Two examples of the coupling of subsystems that are "poorly treated at present," say O'Neill and Steenman-Clark, are the coupling of changes in atmospheric chemistry with climate and the coupling of the biosphere with climate.  Moreover, they note that "individual subsystems like the atmosphere exhibit enormous complexity in their own right," and that "an increase of high-performance computer power of several orders of magnitude is needed to make significant progress."  This being the case, we again are forced to ask: Are we way off-base in concluding that if we need "several orders of magnitude more computer power" to merely make "progress," is there not a very real likelihood that current climate models are nowhere near being able to produce an accurate description of earth's future climate?

In addition to the maddening complexity of the planet's climate system and the great gaps that exist in our knowledge of its workings, the lack of sufficiently fine spatial resolution is another enormous hurdle that stands in the way of accurate climate change predictions via numerical model calculations.  With respect to the fast and dramatic climate changes that are thought to be linked to similar changes in the thermohaline circulation of the world's oceans, for example, O'Neill and Steenman-Clark say that "predicting rapid change reliably will require coupled models of the atmosphere and ocean with much finer spatial resolution than is used at present."  An "imperative," as they thus put it, is to bring "much greater high-performance computer resources to bear on the problem to allow the Gulf Stream and related circulations to be adequately simulated."  And if that need is truly imperative, as they say, we ask ourselves yet again: Are we way off-base in our belief that this need should be satisfied before we start turning the world's economy upside down in an effort to forestall model-based predictions of catastrophic global warming?

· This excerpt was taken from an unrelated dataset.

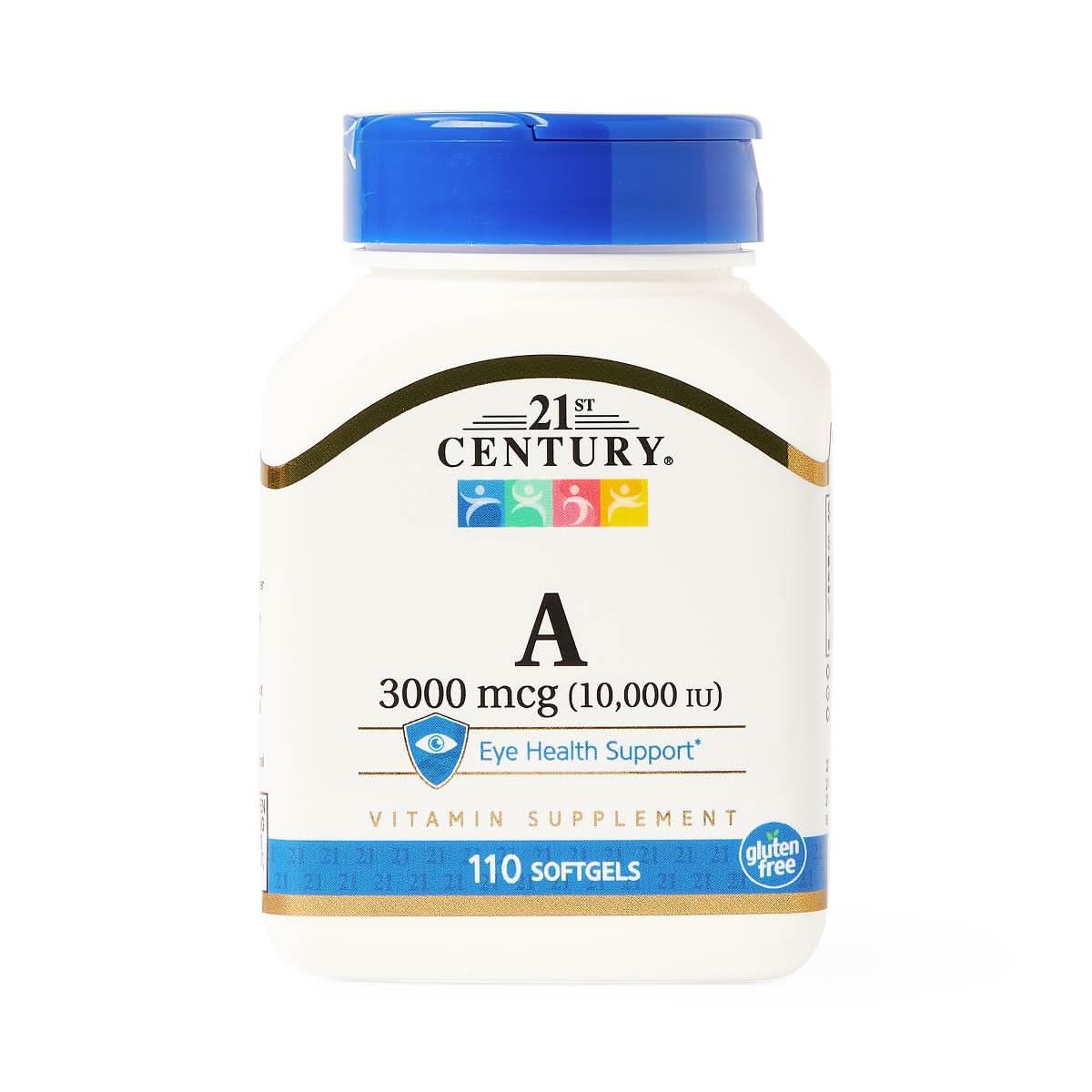 Medline 21st Century Vitamin A 10,000 IU Softgels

Then there is O'Neill and Steenman-Clark's statement that "it is widely recognized that the representation of convection, clouds and their interactions with radiation is one of the greatest weaknesses of current climate-prediction models," which is also a consequence of insufficiently-fine spatial resolution.  And what is their prescription for solving this problem?  They say that "a major drive in climate modeling must be to reduce the impact of uncertain parameterizations, such as that of convection, by resolving important processes to a greater extent," which clearly requires you-know-what and which prompts us to ask yet one more time: Are we way off base in demanding that the models resolve these processes before we start letting them make our decisions for us?

Of course we're not off-base; our questions and their implied answers are right on the mark.  The nature of the well-chosen words so aptly employed by O'Neill and Steenman-Clark leave no doubt about it - computer modeling of earth's climate, as far as it has come, still has a long, long way to go before it is up to the task of accurately defining future climate.  And until it gets there, the three of us have no intention of letting an inadequately programmed computer usurp the responsibility we have to do our thinking on the vitally important issue of carbon dioxide and global change.  The stakes are just too high.

Sherwood, Keith and Craig Idso

Reference
O'Neill, A. and Steenman-Clark, L.  2002.  The computational challenges of Earth-system science.  Philosophical Transactions of the Royal Society of London, Series A 360: 1267-1275.